## Task statement:
Retype the data that follows line by line, exactly, and leave its pictures out.

## Given material:
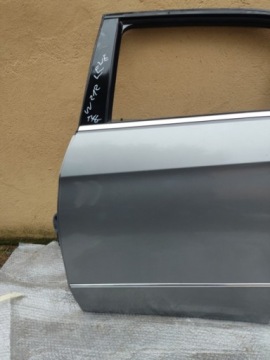 MERCEDES W212 ЗАДНЯЯ ЛЕВАЯ ДВЕРЬ В КОМПЛЕКТЕ СЕДАН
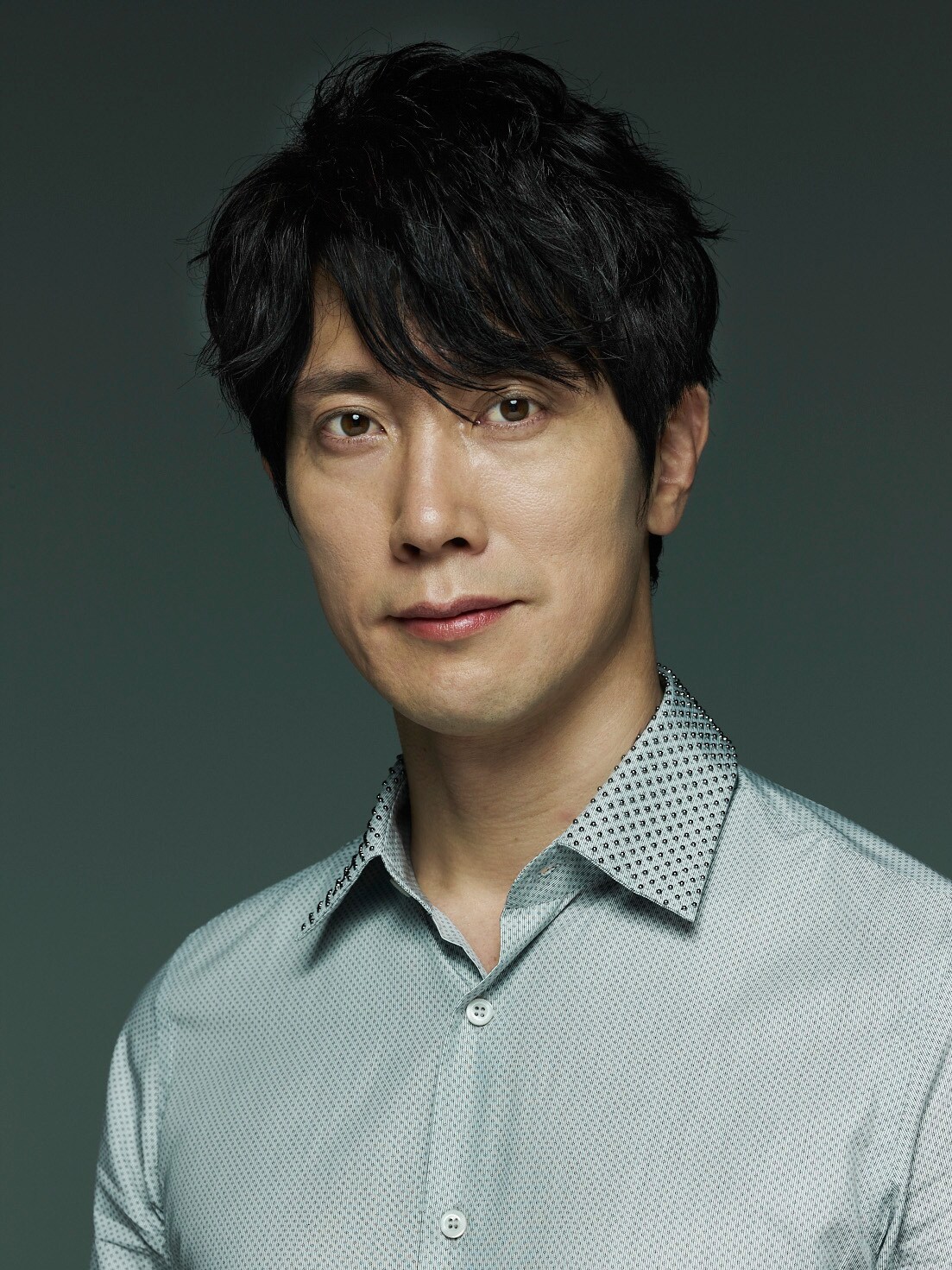 蔵之介が破滅に向かうリチャード三世に、演出はシルヴィウ・プルカレーテ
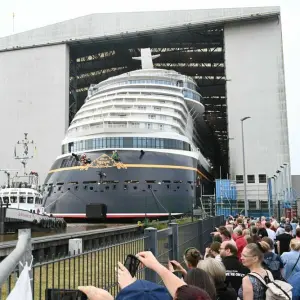 Ausdocken vom neuen Kreuzfahrtschiff „Disney Treasure“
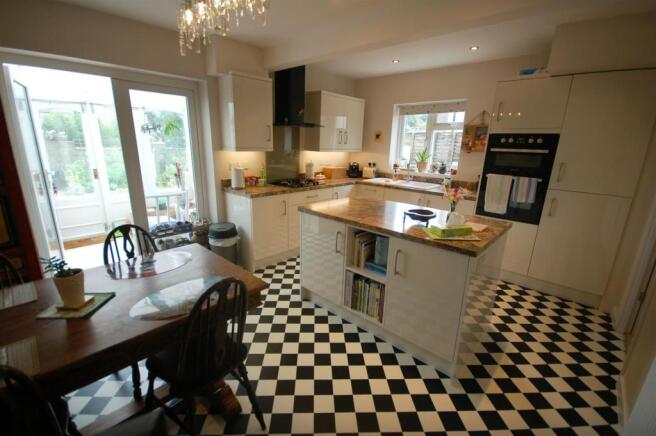 Open plan kitchen/di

## Solution to this task:
 MERCEDES W212 ЗАДНЯЯ ЛЕВАЯ ДВЕРЬ В КОМПЛЕКТЕ СЕДАН
 蔵之介が破滅に向かうリチャード三世に、演出はシルヴィウ・プルカレーテ
 Ausdocken vom neuen Kreuzfahrtschiff „Disney Treasure“
 Open plan kitchen/di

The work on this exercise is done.